I ran the numbers as well, and they are within what I use (6-8 gr table sugar per litre) but I now see that dextrose is used...
Don't know the "ground rule" for dextrose

Swingtops have always worked fine gor me. Mine were ex-grolsch bottles.

Another thing: for your next batch, also use a couple of pet-botles.
Fill as you do your glass bottles (same amount sugar per volume), squeeze bottle, screw on lid.
You can use those bottles to "follow" carbonation by squeezing

Hmmm. Good to know you don't have to do anything different with swing tops. Yeah, I don't know. I used the Northern Brewer priming calculator. 2.4 for the desired C02 volume. 70 degrees for beer temp, and 2.5 gallons for total volume. They come up with 61.04 grams of dextrose which is what I added to a cup of water.
 
Would that account for it being very flat though? The beer I opened yesterday had almost no carbonation after 20 days of bottling.

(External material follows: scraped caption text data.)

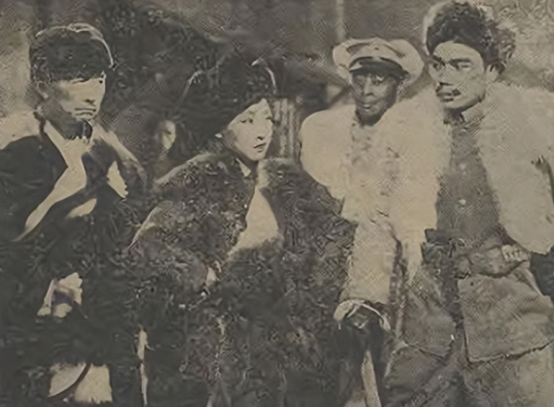 1925年，24岁的张素贞准备接客，正要开始宽衣解带时，一把枪抵在她的头上。客人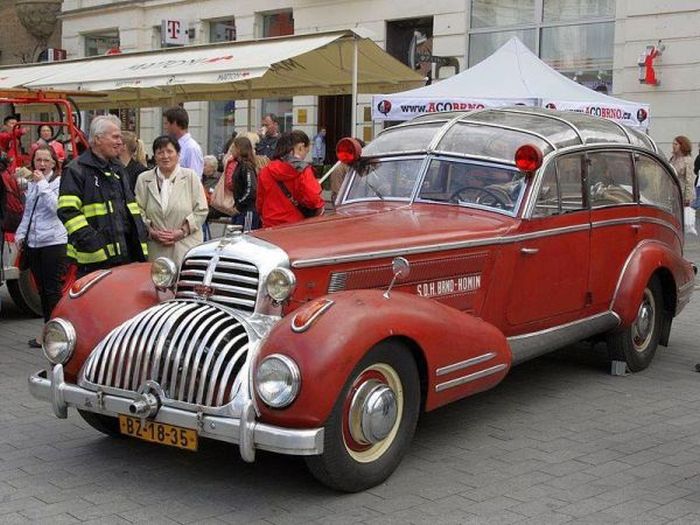 This Vintage Fire Truck Is A Sight To See (3 pics)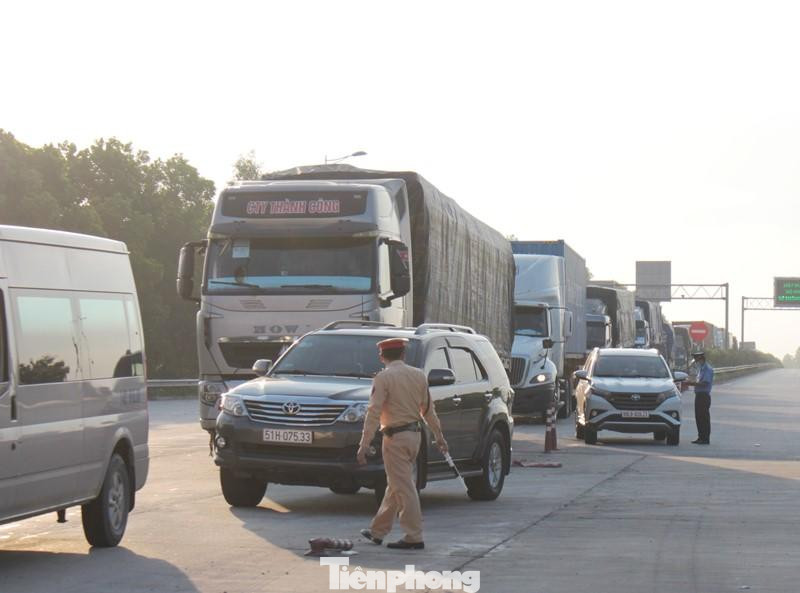 Do xe phải dừng tại trạm thu phí Sóc Sơn (KM6) để trả vé (không thu tiền) gây ùn tắc, lực lượng chức năng Hà Nội phải bỏ trạm, ra cao tốc đứng kiểm soát để tránh ùn tắc thêm. Do xe phải dừng tại trạm thu phí Sóc Sơn (KM6) để trả vé (không thu tiền) gây ùn tắc, lực lượng chức năng Hà Nội phải bỏ trạm, ra cao tốc đứng kiểm soát để tránh ùn tắc thêm.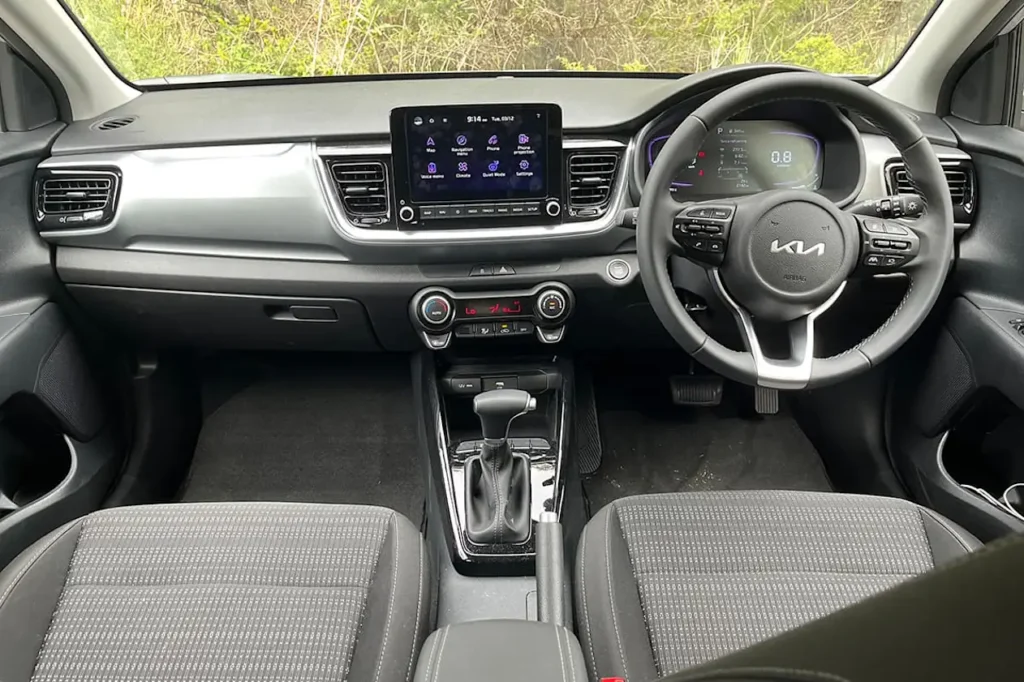 kia softnic interior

I ran the numbers in Northern Brewer again and they come up with basically the same result: 61.04 grams or 2.15 oz of dextrose for 2.5 gallons at 72F.

https://www.northernbrewer.com/pages/priming-sugar-calculator

I bottled for 10 years and used the northern brewer calculator. However, based on advice, I entered the max fermentation temp of the beer instead of the current temperature. Once I did that I got better carbonation levels. However, that wouldn't account for no carbonation, just lower than desired.

Since you didn't stir your priming solution into the beer (I always stirred gently) you may have some bottles that have less sugar than others. So, next time you grab a bottle, take one at random. If you find some bottles with too little carbonation and other bottles with too much carbonation, then that is the likely cause. Twenty days of bottle conditioning at 72°F (22°C) is perfect. So if it's not a stratification of sugar in the bottling bucket, I think it's got to be the flip-top caps not sealing properly. I always used regular bottles with crimp-on caps but, occasionally I would get a batch of caps that wouldn't seal properly and I'd have little to no carbonation in a bunch of bottles.
 
I ran the numbers as well, and they are within what I use (6-8 gr table sugar per litre) but I now see that dextrose is used...
Don't know the "ground rule" for dextrose
Dextrose is about 96% fermentable so you need a little more dextrose than sugar. The NB calculator has priming amounts for many different types of sugar.
 
I always went 2.5 on the carbonation, but 2.4 definitely wont make it flat.
 
Well, the plot thickens. I bottled this beer mostly in the swing tops above from Amazon, but I put a few in bomber swing tops that my friend had. I opened one of those last night, and it was perfectly carbed. It tasted pretty good, but the hops still seemed a bit harsh to me, so I think I'm going to let them sit at 72F for maybe another week, then throw them in the fridge, or most of them. Seems like the problem is definitely the bottles, or possibly the priming sugar wasn't fully incorporated. Thanks for the help!
 
It only takes a couple of weeks to carb. I would throw them in the fridge now and let them sit in the cold for a bit if you don't quite like the flavor.
 
It only takes a couple of weeks to carb. I would throw them in the fridge now and let them sit in the cold for a bit if you don't quite like the flavor.

Thanks for the advice! I was thinking that I wanted some of the hop flavor to die out, which is why I was going to wait another week. I thought refrigeration would slow down that process but maybe I'm wrong?